*** Opening Given records ***

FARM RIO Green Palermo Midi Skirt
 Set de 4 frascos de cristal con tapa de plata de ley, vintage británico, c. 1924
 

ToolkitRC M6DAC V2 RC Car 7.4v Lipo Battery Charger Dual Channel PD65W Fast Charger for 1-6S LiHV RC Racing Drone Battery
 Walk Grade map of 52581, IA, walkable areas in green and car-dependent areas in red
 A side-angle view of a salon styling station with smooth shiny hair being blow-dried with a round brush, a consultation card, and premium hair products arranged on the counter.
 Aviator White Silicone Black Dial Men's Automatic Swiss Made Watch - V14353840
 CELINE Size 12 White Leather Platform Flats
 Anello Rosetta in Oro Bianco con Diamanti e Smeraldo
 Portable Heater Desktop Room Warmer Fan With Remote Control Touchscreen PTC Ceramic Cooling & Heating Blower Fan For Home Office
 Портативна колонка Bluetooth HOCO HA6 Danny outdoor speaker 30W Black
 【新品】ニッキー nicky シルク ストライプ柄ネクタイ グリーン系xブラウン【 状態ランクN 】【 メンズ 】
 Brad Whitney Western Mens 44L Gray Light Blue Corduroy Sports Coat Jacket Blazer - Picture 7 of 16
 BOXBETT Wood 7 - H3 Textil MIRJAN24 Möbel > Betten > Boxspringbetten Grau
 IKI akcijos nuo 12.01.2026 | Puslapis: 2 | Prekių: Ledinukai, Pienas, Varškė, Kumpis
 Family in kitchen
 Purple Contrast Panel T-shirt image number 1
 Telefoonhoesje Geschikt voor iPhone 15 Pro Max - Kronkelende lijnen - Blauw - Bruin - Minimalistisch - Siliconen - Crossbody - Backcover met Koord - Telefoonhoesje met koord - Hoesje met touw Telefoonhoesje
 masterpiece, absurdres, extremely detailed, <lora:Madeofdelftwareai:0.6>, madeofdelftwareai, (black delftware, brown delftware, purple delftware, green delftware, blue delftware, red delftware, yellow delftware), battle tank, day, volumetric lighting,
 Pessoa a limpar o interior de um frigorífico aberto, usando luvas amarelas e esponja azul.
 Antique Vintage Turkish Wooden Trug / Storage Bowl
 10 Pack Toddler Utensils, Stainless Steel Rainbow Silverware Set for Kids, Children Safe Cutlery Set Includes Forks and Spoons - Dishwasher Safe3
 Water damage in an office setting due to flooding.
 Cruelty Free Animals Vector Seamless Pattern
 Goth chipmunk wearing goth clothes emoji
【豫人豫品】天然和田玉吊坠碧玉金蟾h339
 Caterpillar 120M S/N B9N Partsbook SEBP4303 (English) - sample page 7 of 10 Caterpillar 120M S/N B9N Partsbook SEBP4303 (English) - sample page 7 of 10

*** Closing Given records ***

_Exercise_: Could you return all lines from the records that include the word "White"?

_Task result_:
 Aviator White Silicone Black Dial Men's Automatic Swiss Made Watch - V14353840
 CELINE Size 12 White Leather Platform Flats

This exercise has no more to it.